Generate 5-7 evaluation criteria. For each criterion:
1. A name for the criterion
2. A description of what it measures
3. A scoring scale (1-5) with descriptions for scores 1, 3, and 5
4. An example of a high-scoring output (score 5)
5. An example of a low-scoring output (score 1)

Return as JSON:
{{
  "rubric_name": "...",
  "criteria": [
    {{
      "name": "...",
      "description": "...",
      "scores": {{
        "1": "description of score 1",
        "3": "description of score 3",
        "5": "description of score 5"
      }},
      "high_score_example": "...",
      "low_score_example": "..."
    }}
  ]
}}"""

    response = client.chat.completions.create(
        model="gpt-4o",
        messages=[{"role": "user", "content": meta_prompt}],
        response_format={"type": "json_object"},
        temperature=0.2,
    )

    import json
    return json.loads(response.choices[0].message.content)

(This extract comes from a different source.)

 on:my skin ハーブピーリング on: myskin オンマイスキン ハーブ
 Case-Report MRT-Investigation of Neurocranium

rubric = generate_evaluation_rubric(
    task_description="Clinical pharmacist assistant answering drug interaction questions",
    output_type="clinical drug interaction advice"
)

print(f"Rubric: {rubric['rubric_name']}")
for criterion in rubric.get("criteria", []):
    print(f"\n- {criterion['name']}: {criterion['description']}")

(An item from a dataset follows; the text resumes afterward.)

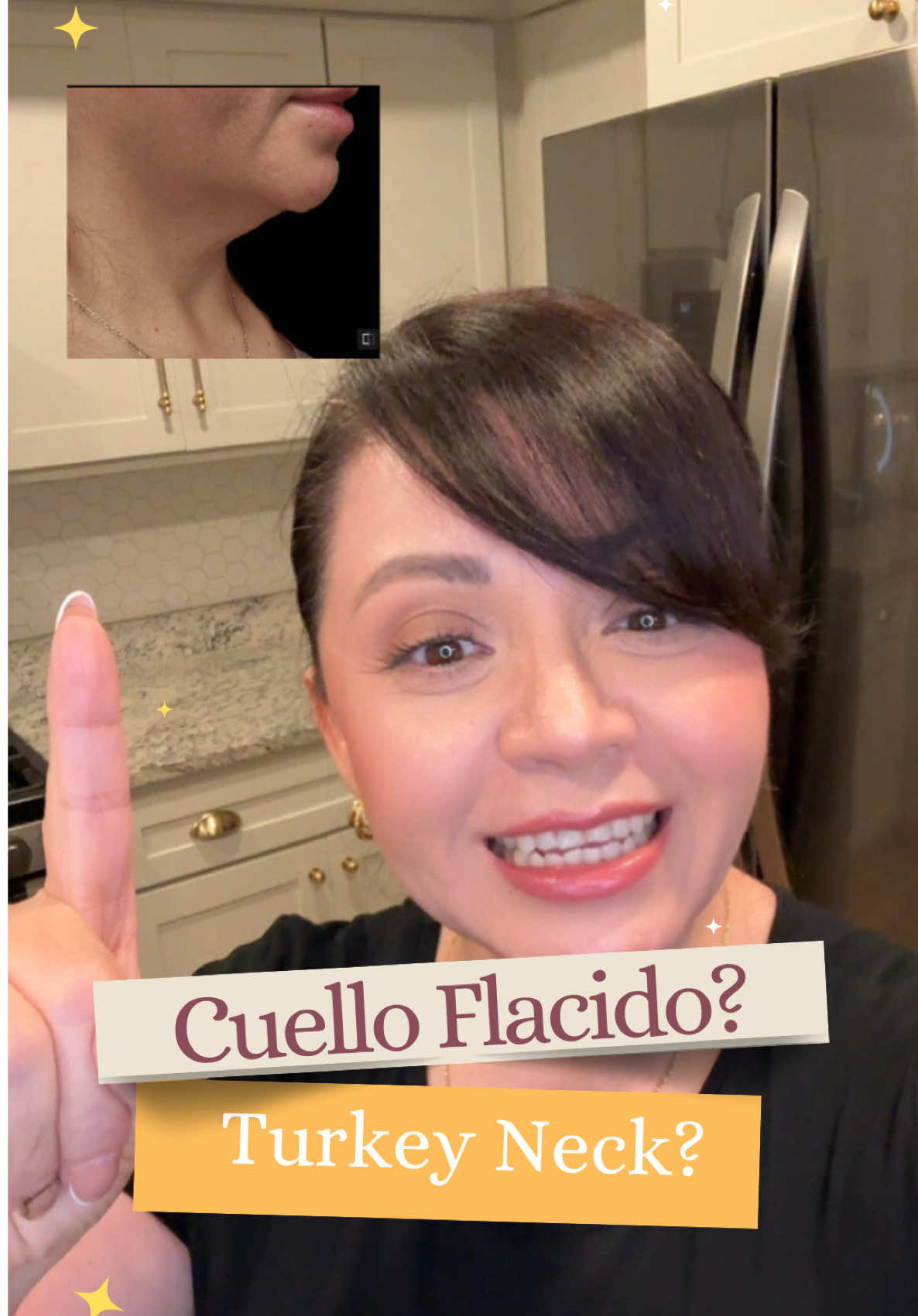 🦃  La mejor crema reafirmante y tensora para el cuello , perdi 40 lbs lo cual el pronostico era cuello flacido y colgado la crema la utilizo dos veces al dia hasta el momento llevo 2 tarros y ha valido la pena!! Buscala en amazon! 🦃 @Gopure The best firming and tightening cream for the neck. I lost 40 lbs, which was expected to result in a sagging and droopy neck. I use this cream twice a day. So far, I've used 2 jars, and it's been worth it! Look for it on Amazon! #saggyskin #antienvejecimiento #skincare #skincareroutine #coffee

APE: Automatic Prompt Engineer

A simple implementation of automated prompt search:

Python
def automatic_prompt_engineer(
    task: str,
    example_inputs: list[str],
    example_outputs: list[str],
    n_candidate_prompts: int = 10,
    evaluation_model: str = "gpt-4o-mini",
) -> str:
    """Generate candidate prompts and select the best one."""

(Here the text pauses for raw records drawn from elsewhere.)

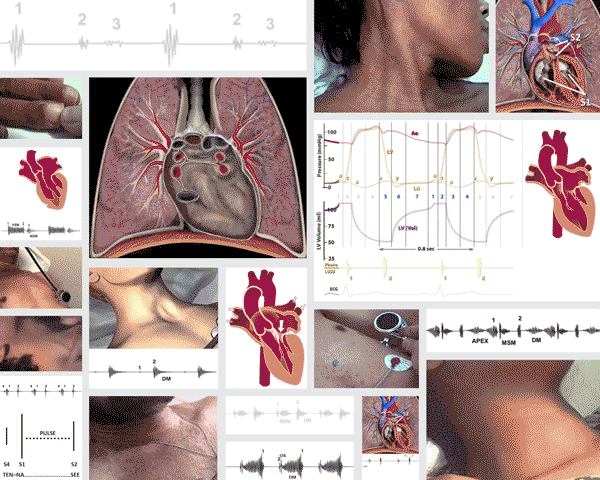 Cardiac anatomy animations and sound animations from heart sounds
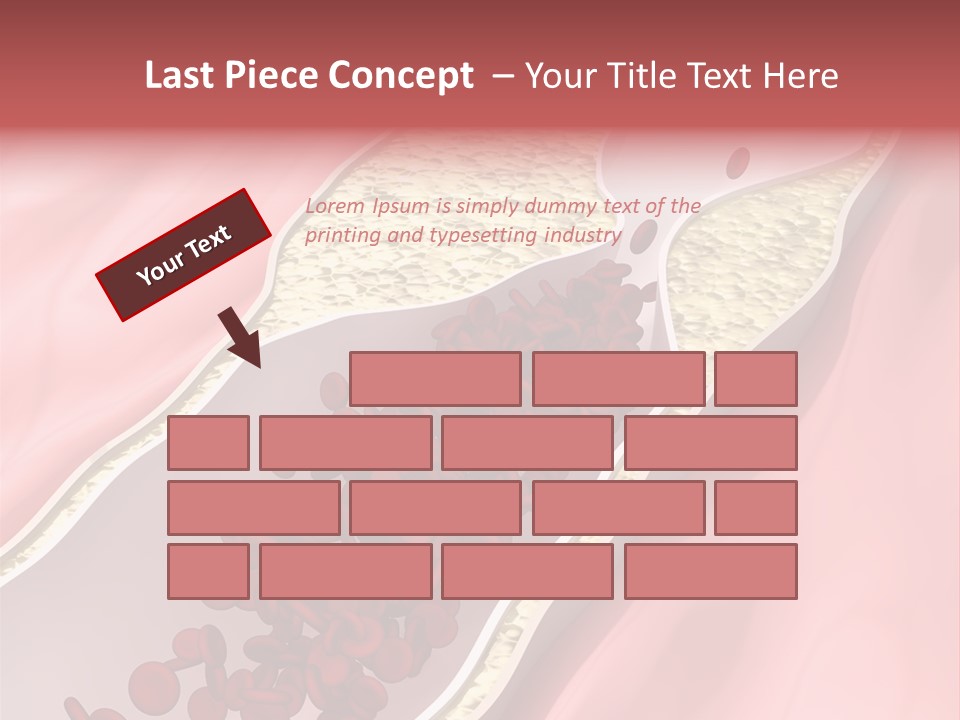 Sphygmomanometer Restenosis Cardiology PowerPoint Template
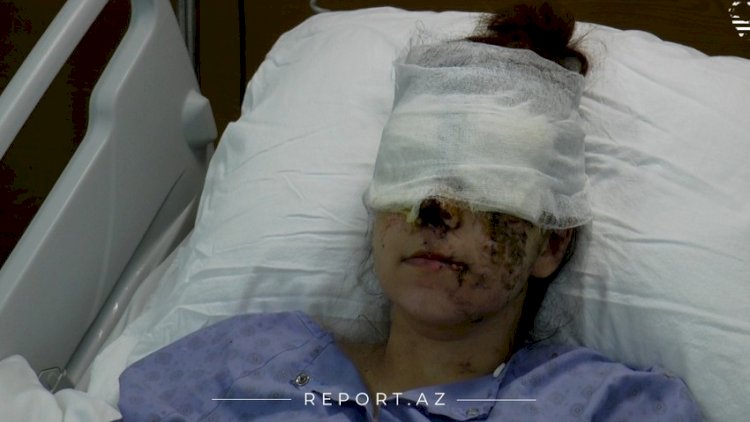    Ermənilərin Gəncə terroru nəticəsində  iki uşaq anası görmə qabiliyyətini itirdi   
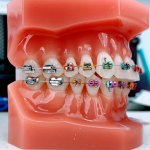 Golub Orthodontics Cosmetic Dentist in Fort Lee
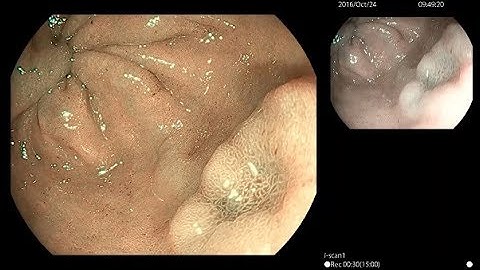 Gastric Cancer with i-scan SE and i-scan OE - Prof. Michida (Case2)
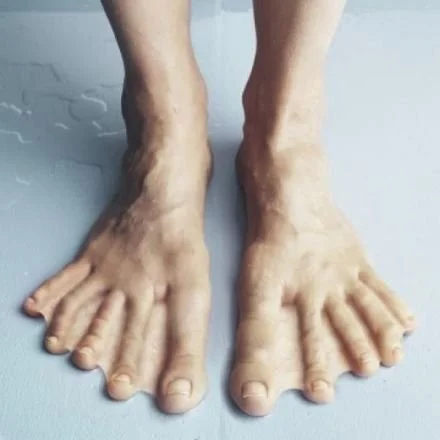 A pair of elderly feet with enlarged and deformed toes, resting on a light-colored surface.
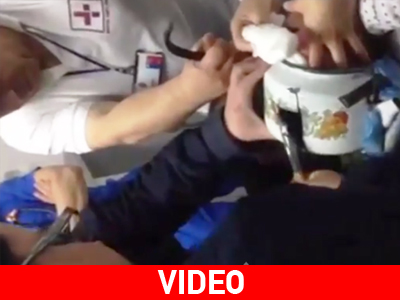 Χιλή: Κεφάλι κοριτσιού σφήνωσε σε… τσαγιέρα!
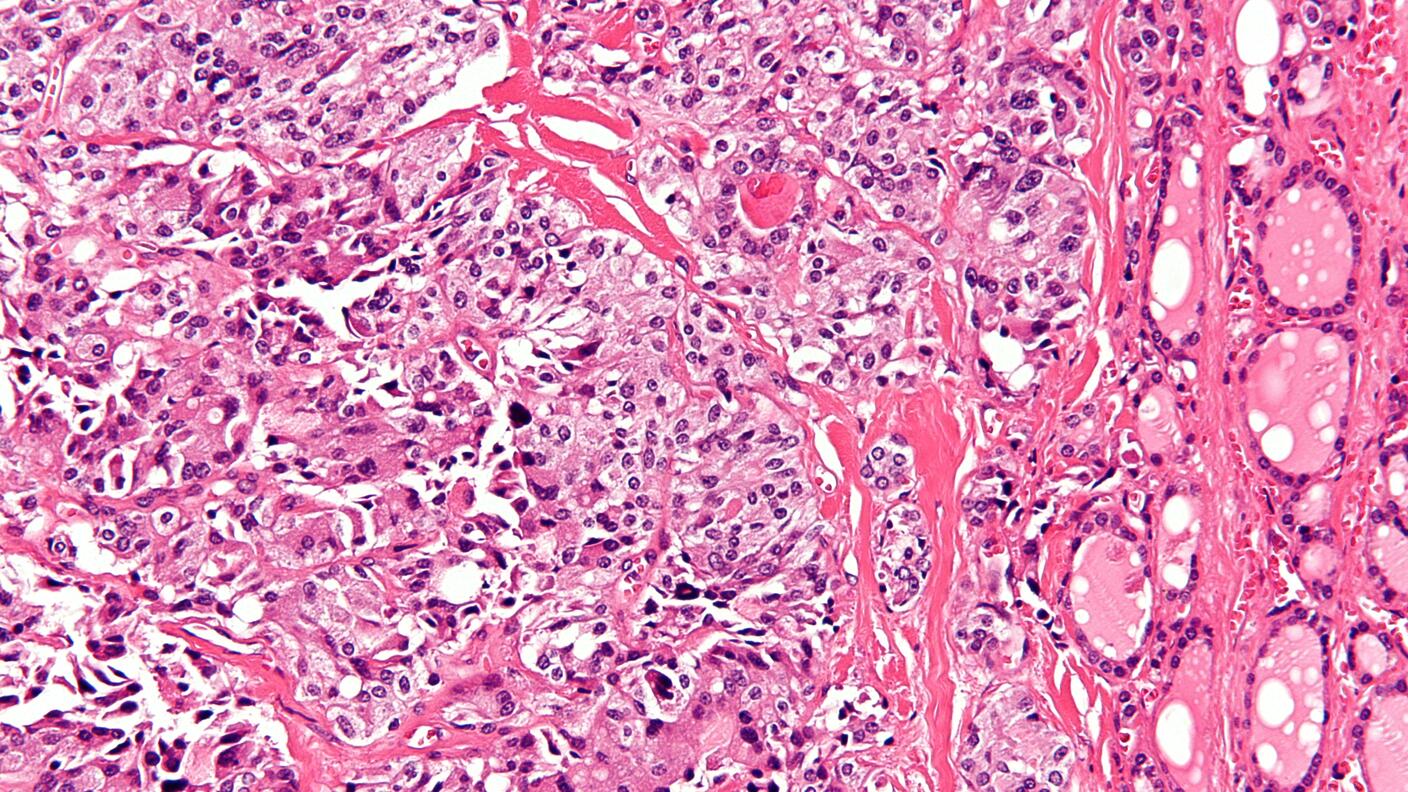 Photo taken through a microscope to show medullary thyroid carcinoma.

    # Step 1: Generate candidate prompts
    generation_prompt = f"""Task description: {task}

Generate {n_candidate_prompts} different system prompt candidates for this task.
Each should have a different emphasis or approach.
Return as a JSON list of strings."""

    response = client.chat.completions.create(
        model="gpt-4o",
        messages=[{"role": "user", "content": generation_prompt}],
        response_format={"type": "json_object"},
        temperature=0.8,
    )

    import json
    candidates_raw = json.loads(response.choices[0].message.content)
    candidates = candidates_raw if isinstance(candidates_raw, list) else list(candidates_raw.values())[0]

    # Step 2: Evaluate each candidate on example inputs
    scores = []
    for candidate_prompt in candidates:
        candidate_score = 0

        for inp, expected_out in zip(example_inputs, example_outputs):
            actual = client.chat.completions.create(
                model=evaluation_model,
                messages=[
                    {"role": "system", "content": candidate_prompt},
                    {"role": "user", "content": inp},
                ],
                temperature=0,
            ).choices[0].message.content

            # Score using another LLM call (or string similarity for simple tasks)
            score_response = client.chat.completions.create(
                model=evaluation_model,
                messages=[{"role": "user", "content": f"""Rate how well this output matches the expected:
Expected: {expected_out}
Actual: {actual}
Score 1-10. Return only the integer."""}],
                temperature=0,
            )
            try:
                candidate_score += int(score_response.choices[0].message.content.strip())
            except ValueError:
                candidate_score += 5

        scores.append(candidate_score)

    # Step 3: Return best candidate
    best_idx = scores.index(max(scores))
    print(f"Best prompt score: {scores[best_idx]} (out of {len(example_inputs) * 10} max)")
    return candidates[best_idx]

When to Use Meta-Prompting

| Scenario | Meta-prompting value | |---|---| | Building a new LLM feature | High — generate and iterate quickly | | Optimizing a failing prompt | High — diagnose failures systematically | | Testing prompt robustness | High — generate diverse edge cases | | One-off queries | Low — just write the prompt manually | | Expert with deep domain knowledge | Lower — expert may outperform the generator | | Production prompt maintenance | Medium — automate regression testing |

Meta-prompting adds LLM cost but can save significant human time during development. Use it for systematic tasks (generating test cases, evaluating coverage) rather than replacing expert prompt authoring for high-stakes systems.